5. A Ring of Iron
The gentle light of day stirred her awake, and Asteria stretched, stiff from a night spent curled on the stone hearth. Erebus had left her and wandered through the house.
"Have you found the demonology, Erebus" I know my mother kept one somewhere," she called out through the empty rooms. In the drawing room, Erebus hopped onto the wooden table and flicked aside a pile of papers and feathers with his tail before dropping the scroll in his mouth. It unraveled across the table.
"You're still searching for names?" he asked as Asteria settled into the armchair by the table, tucking her bare legs up to her chest.
"Just because something hasn't been found doesn't mean it's lost.
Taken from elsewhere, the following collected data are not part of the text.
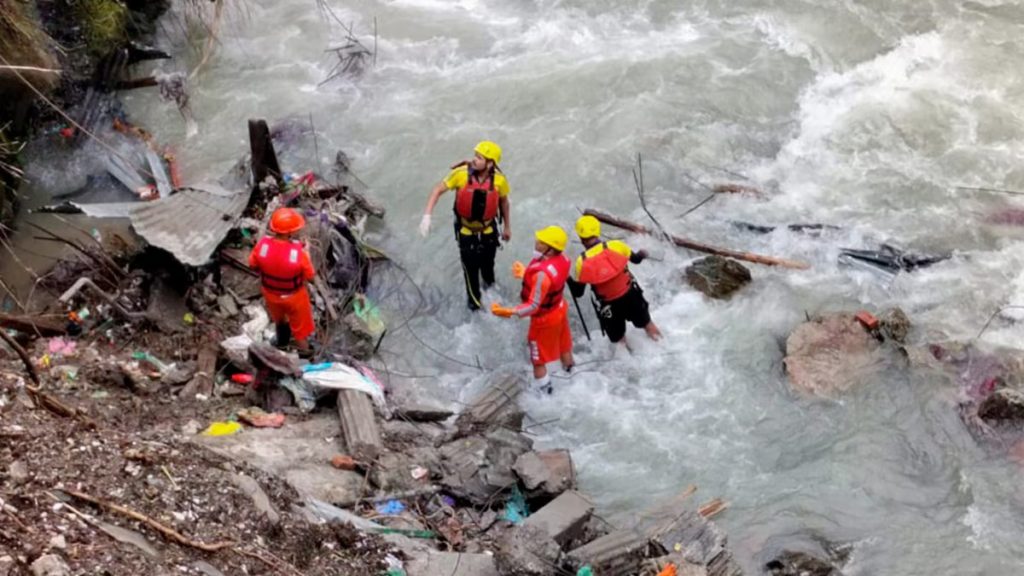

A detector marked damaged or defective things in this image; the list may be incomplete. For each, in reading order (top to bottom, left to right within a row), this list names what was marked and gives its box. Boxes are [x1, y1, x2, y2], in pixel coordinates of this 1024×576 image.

rusted metal sheet [129, 182, 248, 266]
broken concrete slab [337, 385, 382, 461]
broken concrete slab [454, 373, 524, 434]
broken concrete slab [193, 412, 366, 502]
broken concrete slab [512, 446, 577, 496]
broken concrete slab [524, 487, 598, 545]
broken concrete slab [405, 545, 497, 573]
broken concrete slab [493, 522, 561, 573]
broken concrete slab [569, 528, 647, 573]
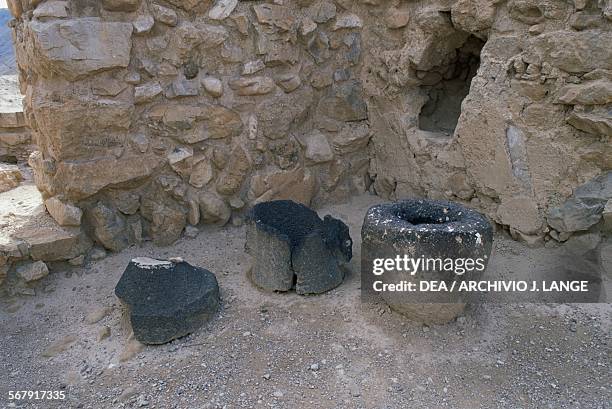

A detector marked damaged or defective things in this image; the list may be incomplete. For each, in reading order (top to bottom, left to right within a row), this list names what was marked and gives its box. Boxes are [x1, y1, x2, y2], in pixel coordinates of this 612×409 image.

broken millstone [115, 256, 220, 342]
broken millstone [244, 200, 350, 294]
broken millstone [364, 199, 492, 324]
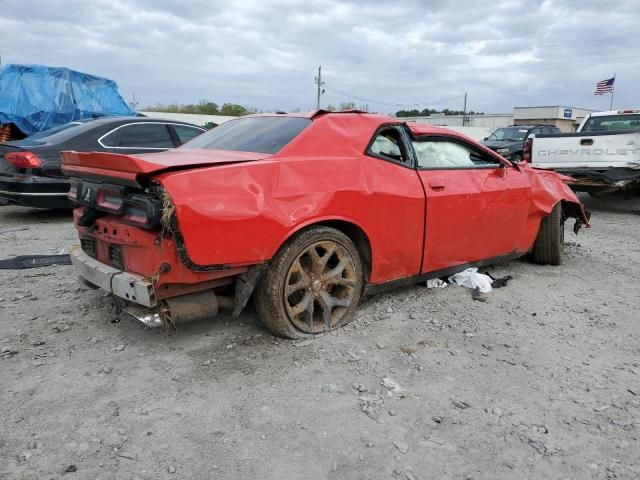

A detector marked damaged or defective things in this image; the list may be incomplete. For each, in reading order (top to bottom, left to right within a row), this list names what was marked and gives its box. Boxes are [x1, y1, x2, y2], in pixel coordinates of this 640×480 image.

damaged red car [62, 111, 588, 340]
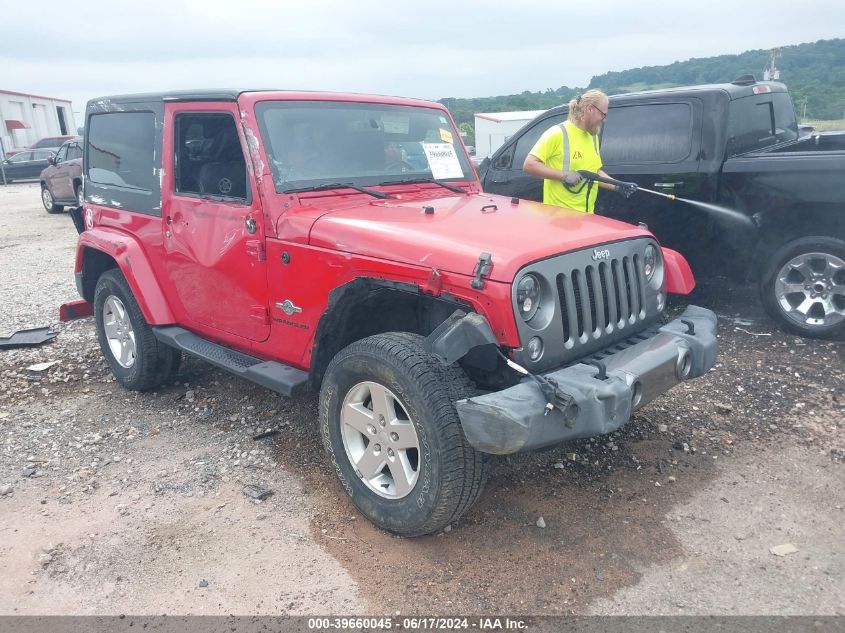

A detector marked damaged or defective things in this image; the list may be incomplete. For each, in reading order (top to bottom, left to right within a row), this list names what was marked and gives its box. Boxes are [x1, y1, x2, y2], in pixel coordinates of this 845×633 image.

damaged bumper [454, 306, 720, 454]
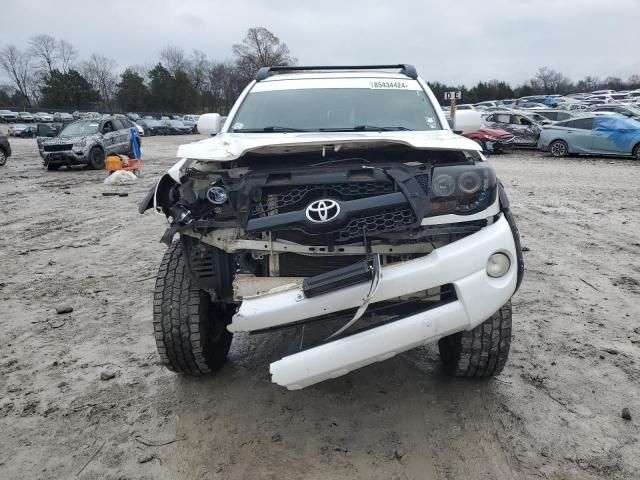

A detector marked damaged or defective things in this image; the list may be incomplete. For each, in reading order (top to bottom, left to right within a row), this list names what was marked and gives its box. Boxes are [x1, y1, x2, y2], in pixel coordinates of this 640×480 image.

parked damaged vehicle [37, 116, 140, 171]
wrecked sedan [37, 117, 140, 171]
bent hood [175, 129, 480, 161]
parked damaged vehicle [460, 127, 516, 152]
cracked headlight [428, 166, 498, 217]
damaged white toyota tacoma [140, 64, 524, 390]
wrecked sedan [140, 65, 524, 390]
parked damaged vehicle [141, 65, 524, 390]
crushed front bumper [230, 217, 520, 390]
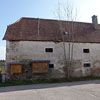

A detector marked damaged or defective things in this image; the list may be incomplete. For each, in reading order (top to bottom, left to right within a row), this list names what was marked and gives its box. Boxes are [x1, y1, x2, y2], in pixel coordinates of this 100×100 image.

peeling plaster wall [5, 40, 100, 79]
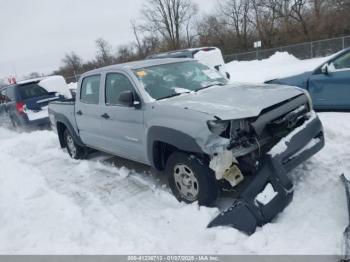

Now hush I'm trying to concentrate." Asteria devoured the scrolls in front of her, eyes scanning rapidly over the musty pages, trying to find a name that seemed familiar. She fiddled absentmindedly with a thin band of iron wrapped tightly about her little finger as she often did when deep in thought. Erebus stretched and peered over the mountainous pile of scrolls spread across the desk.
"Why do you wear that anyways" You stink of iron," he sneered, nose scrunched. She glanced up from the scroll she had been reading and stared down at her hand for a second, brows furrowed.
"A man made it for me a lifetime ago. He said it would protect me from fae." She laughed. "Look at me now though. I guess it doesn't work." Erebus bounded across the desk, sending scrolls flying, and leaned over her hand for a closer look at the runes inscribed on the small ring.
"Just as I thought. The wards are facing the wrong way. That's made for keeping something in, not out." She held her hand out at arm's length and twiddled her fingers with a frown. She pressed her thumb to the iron band, felt the cold sting she had long since grown used to. When she drew her fingers away it left them tingling. She had always felt comforted by the sensation, like the feeling after a hand has left a shoulder, like the lacking of something.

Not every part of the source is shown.